Clear has pilot schemes in this area, but Lickens is staying tight-lipped for now. He does say, however, that he wants insurance brokers to change their approach to clients.
“I bank with First Direct, and it’s up to me whether I want to deal with them over the telephone, online, or go and see somebody,” he says. Lickens wants to see insurance brokers adopt this. “I don’t think that model exists at the moment.”
Don’t force disclosure
As well as running Clear, Lickens heads up the southern arm of the Brokerbility alliance. Lickens frowns at the notion that such groups can survive by relying on the old tactic of piling up premium and using that to bargain with insurers.
“Insurers will quickly work it out, and say: ‘Hold on, I’m still dealing with the same piddly little brokers I always was, but I’m throwing more resource at them and they haven’t changed,’” he explains.

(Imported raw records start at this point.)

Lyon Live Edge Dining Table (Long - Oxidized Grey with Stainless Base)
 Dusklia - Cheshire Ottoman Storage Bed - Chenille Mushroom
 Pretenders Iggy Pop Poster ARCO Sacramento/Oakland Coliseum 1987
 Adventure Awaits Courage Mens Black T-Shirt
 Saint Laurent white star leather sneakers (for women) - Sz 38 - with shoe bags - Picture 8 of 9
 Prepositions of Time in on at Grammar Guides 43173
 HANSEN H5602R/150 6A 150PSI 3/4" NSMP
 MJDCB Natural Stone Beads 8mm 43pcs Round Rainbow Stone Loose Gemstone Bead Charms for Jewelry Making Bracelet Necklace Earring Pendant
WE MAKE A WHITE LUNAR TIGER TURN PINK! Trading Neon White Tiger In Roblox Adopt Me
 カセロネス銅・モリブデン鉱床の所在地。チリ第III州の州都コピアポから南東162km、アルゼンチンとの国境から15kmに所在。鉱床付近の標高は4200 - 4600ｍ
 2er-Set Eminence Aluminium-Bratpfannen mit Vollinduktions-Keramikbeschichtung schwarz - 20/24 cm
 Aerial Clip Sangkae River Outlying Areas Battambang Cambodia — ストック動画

Lickens says that forcing brokers to disclose their commissions, should Brussels make moves to toughen the legislation, is a potential pitfall. He says this could lead to a wave of acquisitions and consolidation or, worse, “creative accounting”.
“I’m sure the bigger brokers will create managing general agents or buy insurance companies, and will just move the commission into a different slot where it is no longer discloseable. But the smaller brokers will have to play it straight,” he explains.
Lickens is concerned, therefore, that commission disclosure could lead to the opposite of what is intended.
“We will end up with less transparency, brokers’ revenues being moved upstream or moved into weird and wonderful devices, and the brokers with the biggest budgets, the best accountants and lawyers will find ways of addressing it. The smaller guys will find it difficult.”